— WORK TASK —
At the line with "Merdia Kids-Costum smoking", start transcribing; stop after the last line of the data below. Keep it exact and leave pictures out.

— MATERIAL PROVIDED —
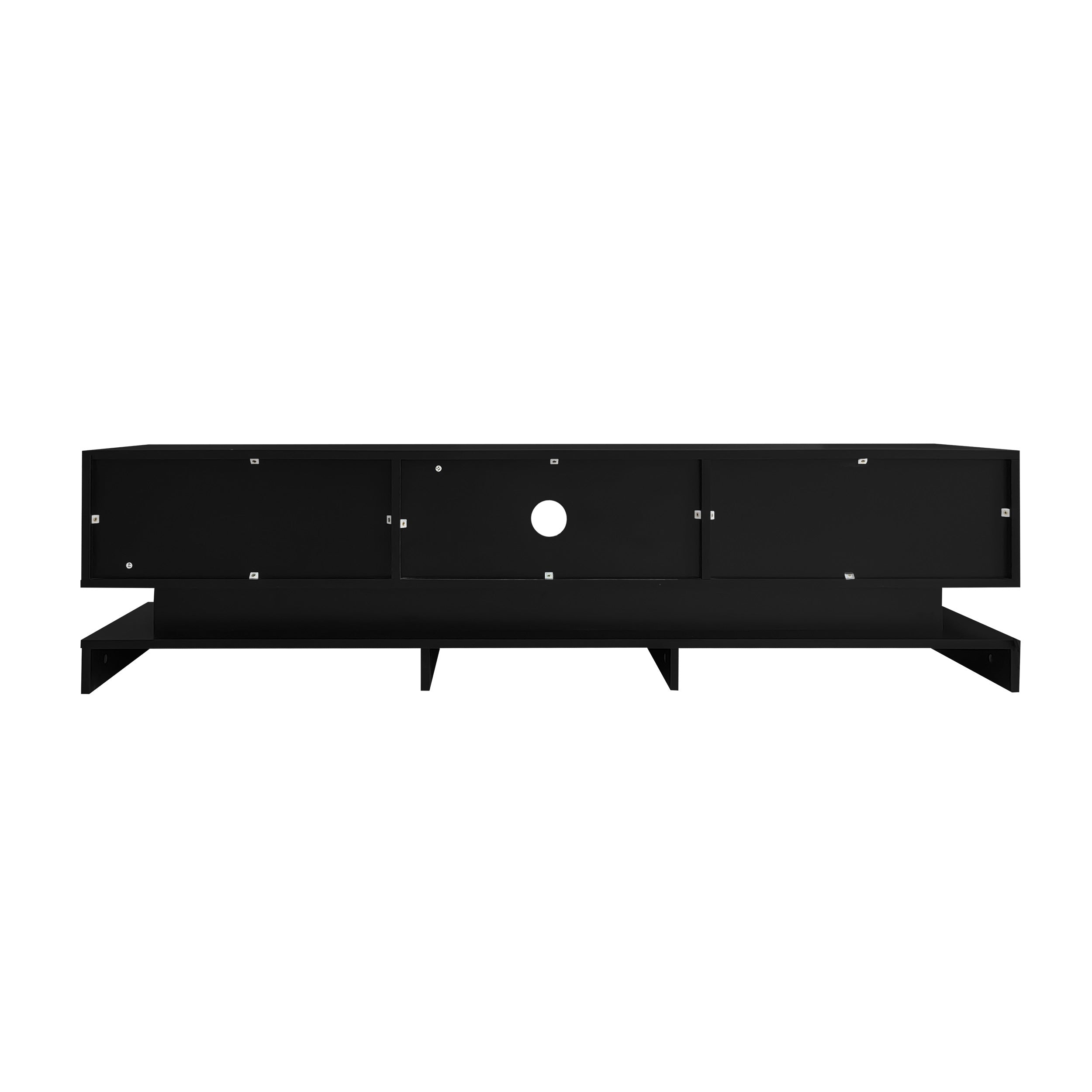 Logidon Zwart Hoogglans TV-meubel 160 CM Met LED 2 Laden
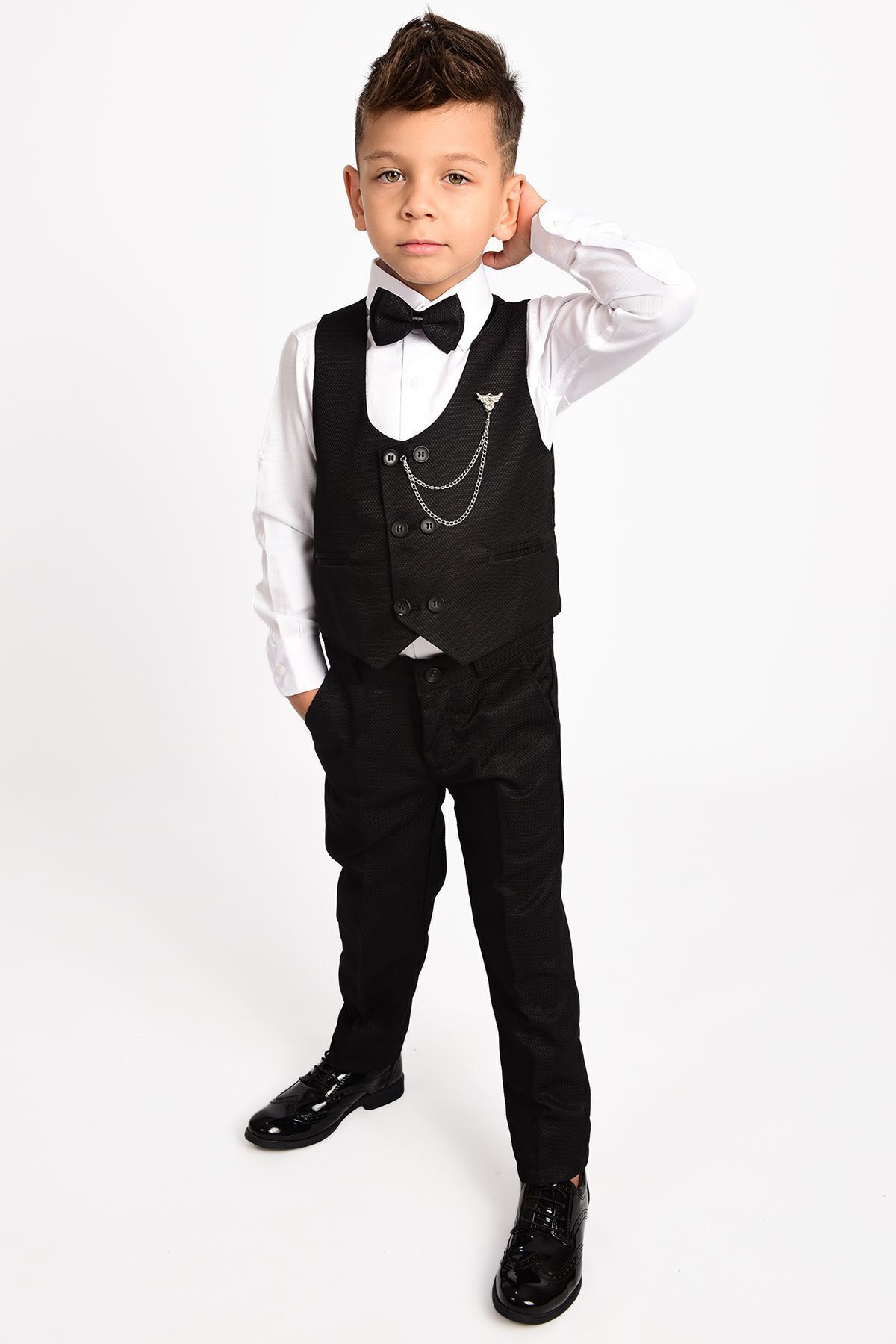Merdia Kids-Costum smoking pentru băieți, vestă cu 6 nasturi, cu papion și lanț 4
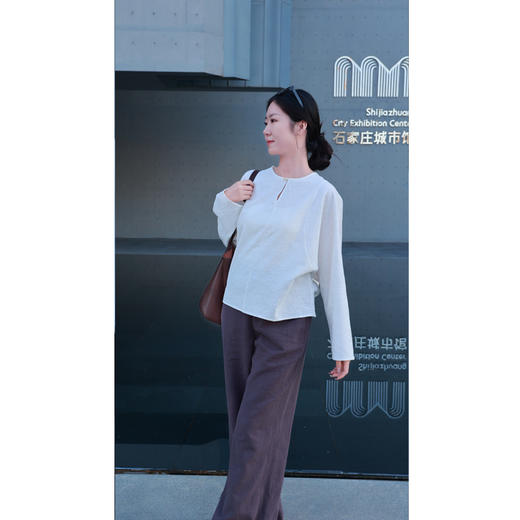 【抖音专属】乐逍遥•新中式上衣（24808021白莲） 商品图2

— RESULT —
Merdia Kids-Costum smoking pentru băieți, vestă cu 6 nasturi, cu papion și lanț 4
 【抖音专属】乐逍遥•新中式上衣（24808021白莲） 商品图2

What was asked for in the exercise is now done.